Nel secondo verso già è menzionata la morte: contemplando il passaggio dalla notte all'alba prendiamo coscienza del fatto che siamo piccoli e non eterni proprio come le stelle in cielo? Anche le stelle muoiono, pur avendo una vita molto più lunga della nostra. Infatti la fase finale di una stella è condizionata dall'intensità della forza gravitazionale che agisce al suo interno.

Quando muoiono, le stelle più piccole divengono nane bianche, cioè, corpi caldi e densi. In questa fase il loro diametro è paragonabile a quello della Terra. Nella nana bianca la materia è in stato degenere, come nel plasma, perché gli elettroni sono separati dai nuclei. A poco a poco la nana bianca si raffredda fino a diventare un corpo denso e scuro non più visibile.

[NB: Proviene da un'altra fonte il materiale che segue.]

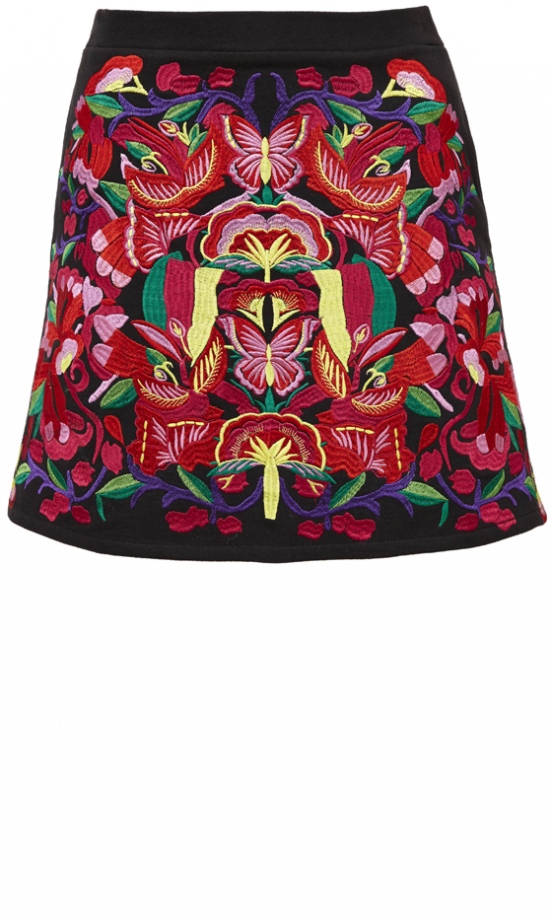 Asos AW13 Embroidered Mini Skirt, £60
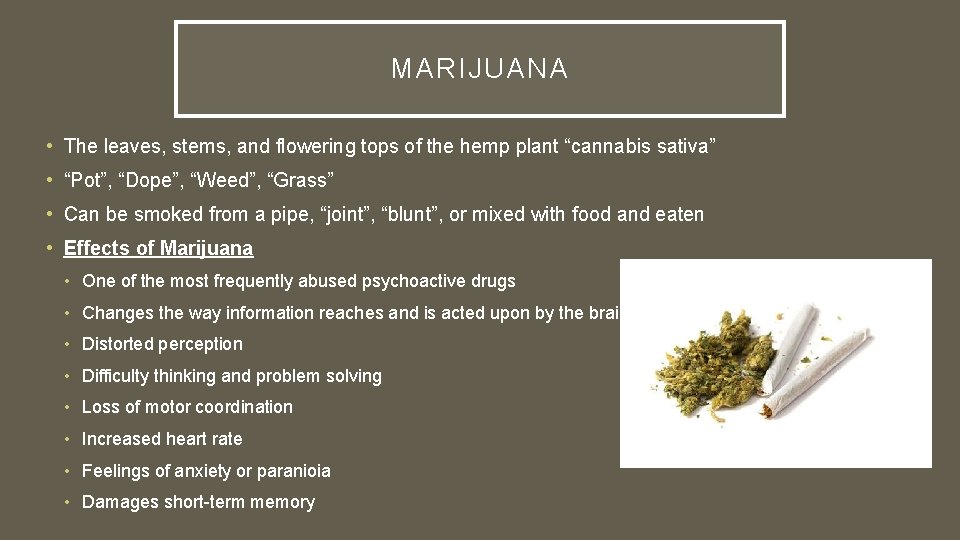 MARIJUANA • The leaves, stems, and flowering tops of the hemp plant “cannabis sativa”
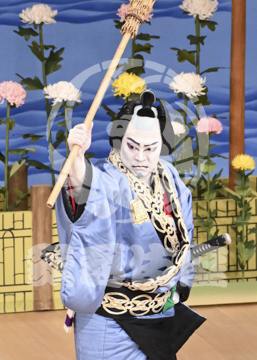 【5月】鬼一法眼三略巻菊畑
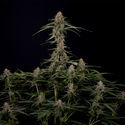 Blue Cheese F1 Autoflower (Zamnesia Seeds) Feminiserede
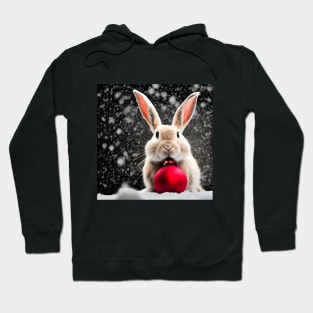 Rabbit and Christmas Ball Hoodie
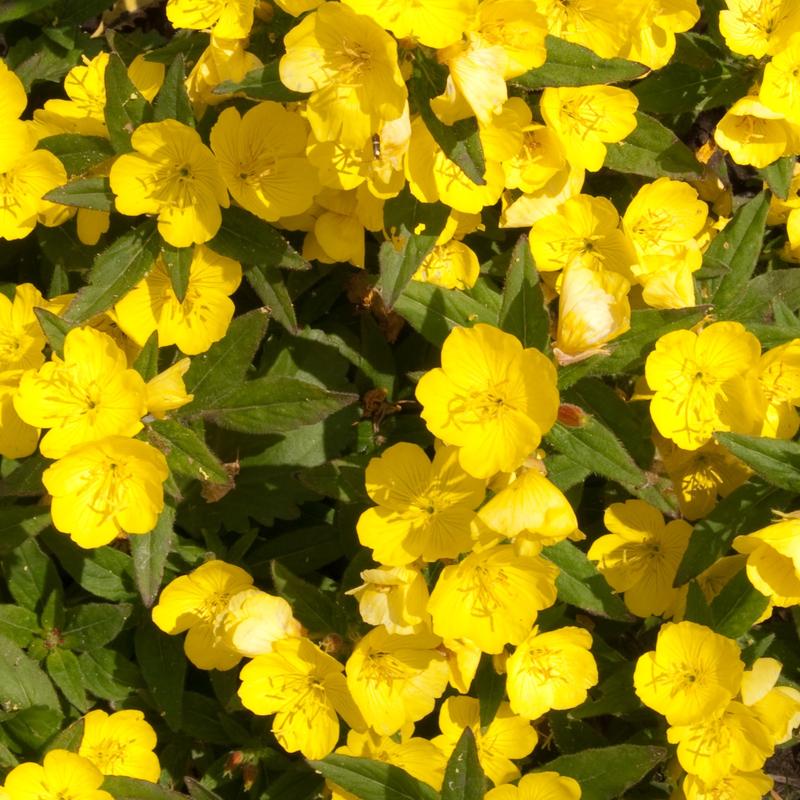 Health Embassy Evening Primrose Seeds Grain Fiber 4
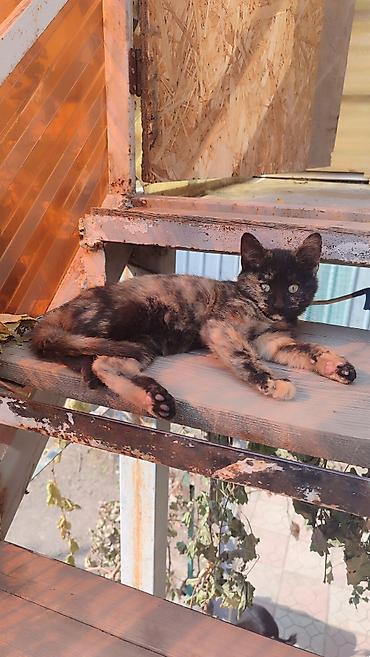 котята донского сфинкса купить: Кошка даром: Беспородная, 2 месяца, Девочка, Приучена к лотку — 6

Le stelle più grandi invece, nella fase finale della loro vita, diventano supernovae a seguito del collasso del loro nucleo e aumentano la loro luminosità fino ad un miliardo di volte. Buona parte della materia della stella si espande nello spazio per migliaia di km/s.

Nei versi 3-4 si fa accenno ai progressi scientifici degli anni '60: agli sputnik sovietici e all'atterraggio sulla Luna.

Ivi scorgiamo errare umane celle
Alla conquista d'altri mondi volte.

Nella strofa seguente è evidente una ricerca spirituale da parte di Landolfi: può l'infinito alludere ad una speranza nella vita ultraterrena?

Poi che quella "terra matrigna" che richiama a Leopardi...
La chiusura della poesia è eloquente e si rivolge alle esplorazioni spaziali degli astronauti:

Astronauti, ridateci uno spazio
(Almeno) vuoto d'uomo,

come a voler dire: ridateci uno spazio incontaminato da pericolose competizioni e dalle abiezioni umane!

"LA STELLA DI LAURA", KLAUS BAUMGART:


La stella di Laura è stato il primo libro in assoluto che mi è stato regalato e anche il primo libro che ho letto. 

Si tratta di una storia di amicizia ed altruismo che trasmette l'importanza di dimostrarsi sensibili e generosi ma al contempo di rispettare la libertà e l'identità altrui. 

Per questo contenuto, rimastomi impresso fin dai sei anni, mi piacerebbe chiamare Laura una mia eventuale figlia.

Laura non riesce a dormire. 

Ma, quando vede una stella cadere sul marciapiede accanto a casa sua, esce per raccoglierla e soccorrerla. La ripara con un cerotto applicato su una punta rotta. 


Ma il mattino seguente la stella scompare. Laura la cerca dappertutto e, durante il giorno, è mogia e malinconica. La sera riesce a ritrovare sul cuscino quel che cercava.

Il racconto si conclude con l'aiuto che Laura dà alla stella per poter ritornare in cielo.